HydraIssues

hydrabody should periodically re-fetch body config (currently only startup/reprovision)
open improvement Project: hydrabody Reporter: 22 Apr 2026 17:42

Description

## Context

On 2026-04-22 we shipped hydracluster v2.0.25 (one-line change: `resp.EnableDebug = false`). The expectation: bodies pick up the new value on their next heartbeat cycle and stop passing `--debug` to kioskoverlay. Reality: nothing changed until we manually cleared each body's `config_cache.yaml` and restarted the HydraBody scheduled task.

Root cause in `pkg/provider/provider.go`:

```
if p.Config == nil {
// fetchAndCacheConfig()
}
```

`loadCachedConfig()` is called on startup (line 62), populating `p.Config` from the on-disk YAML. The tick loop's fetch block only triggers if `p.Config == nil`. So once the cache is populated, hydrabody never refreshes — except when hydracluster signals `Reprovision: true` via the body/status response (triggers the full `provisionForce` path, which is heavy and re-downloads Sunshine).

## Impact

- Changes to BodyConfig fields (enable_debug, virtual_display_enabled, kiosk_mode_enabled, district/venue reclassifications, provider version, experience library token, etc.) do not propagate to bodies until someone manually forces a reprovision or clears the cache.
- Hid a two-day debug loop on 2026-04-21/22 — we thought shipping a hydracluster change would propagate, but nothing did.
- Boom-pickle's cache showed `district: bxl1-test` even though hydracluster had reclassified it to `district: bxl1 / venue: rupelmonde` — the stale cache lasted days.

## Proposal

Add a lightweight periodic config refresh in the main tick loop:

```go
// Periodically refresh body config from server to pick up admin changes.
// Cheap: single HTTP GET, no side-effects unless fields changed.
if time.Since(p.lastConfigFetch) > 5*time.Minute {
if err := p.fetchAndCacheConfig(); err != nil {
log.Printf("config refresh failed: %v", err)
} else {
p.lastConfigFetch = time.Now()
}
}
```

Diff-and-apply logic (restart overlay if `enable_debug` changed, restart provider only if `provider_version` changed, etc.) can be added incrementally.

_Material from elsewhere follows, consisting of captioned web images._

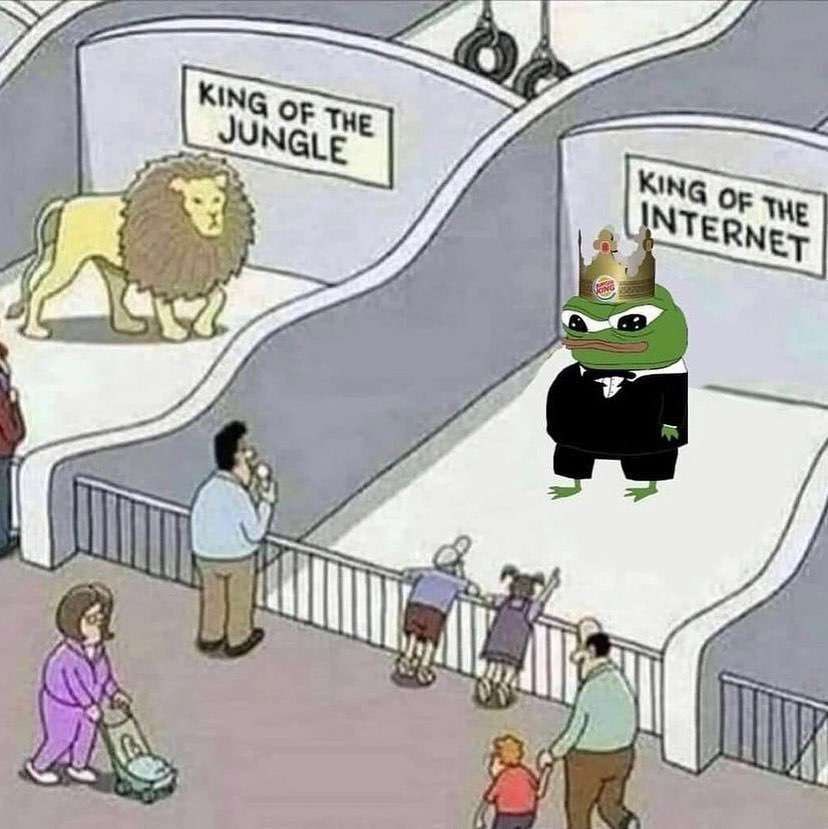 MarcuStaja's tweet image. King of the internet

$apu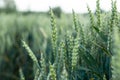 Ears of young green wheat. Amazingly beautiful endless fields of green wheat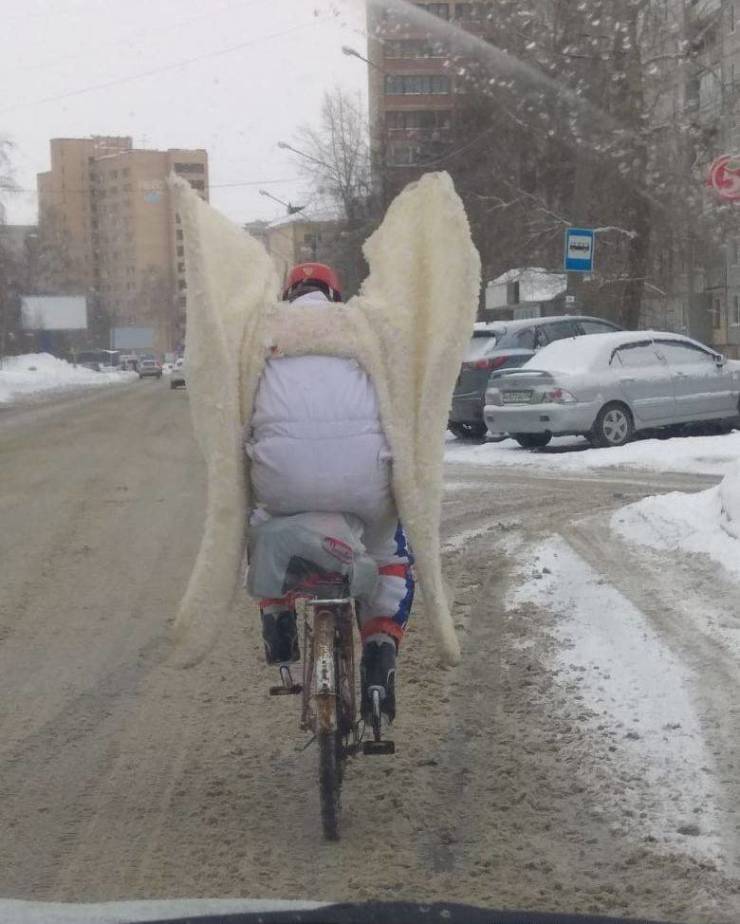 daily picdump 100 pics 39.html - 100 HD Photos | Premium Gallery 2019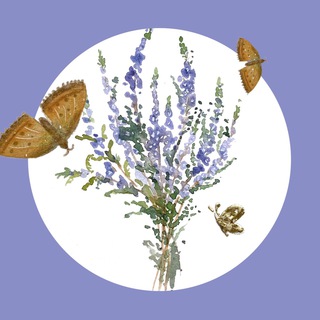 Telegram Channel logo vereskart. Free Telegram Channel Analytics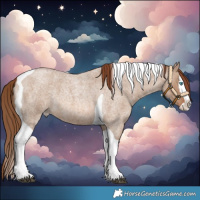 Horse Color:Red Dun Roan Splash Tobiano 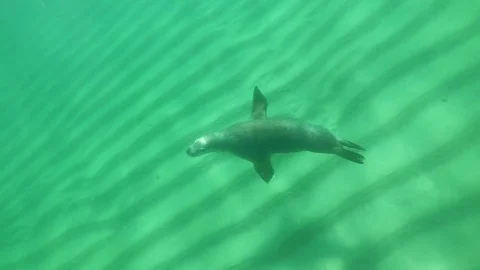 Australian Sea Lion 스톡 동영상 80912105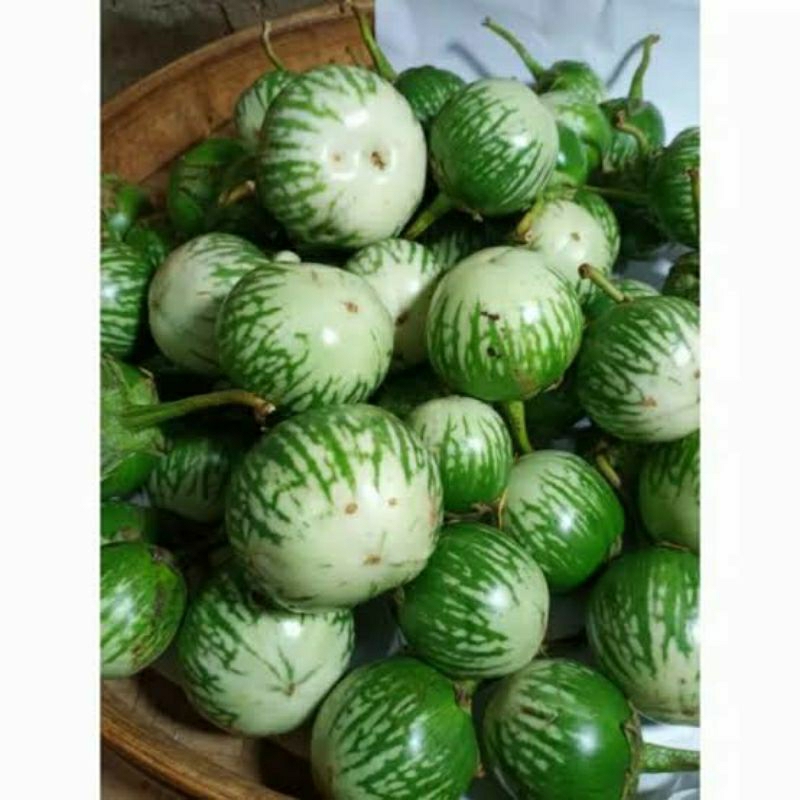 

Sayur terong lalap | Terong bulat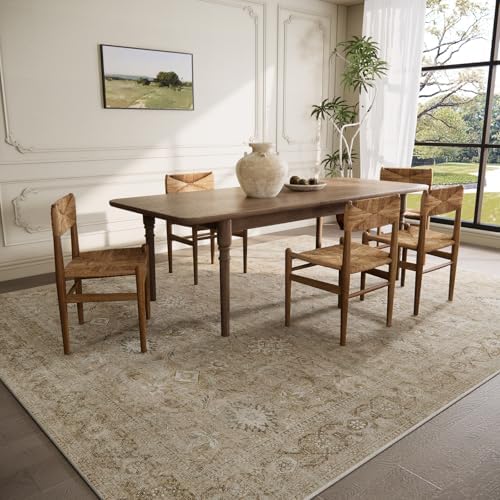 Washable Living Room Area Rug: 5x7 Rugs - Image 4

For v1 just keep `p.Config` fresh so tick-side setters (SetEnableDebug, SetBackdropPath) see current server state.

## Why this matters

Structural. Without periodic refresh, every server-side config change requires a fleet-wide manual cache-clear + restart dance (done three times today already). Every new hydracluster release that changes a default suffers this.

## References

- 2026-04-22 manual cache clears on wobbly, boom-pickle-38, cosmic-pretzel-98.
- hydracluster commit `ad7e134` (v2.0.25) — the trigger that exposed this.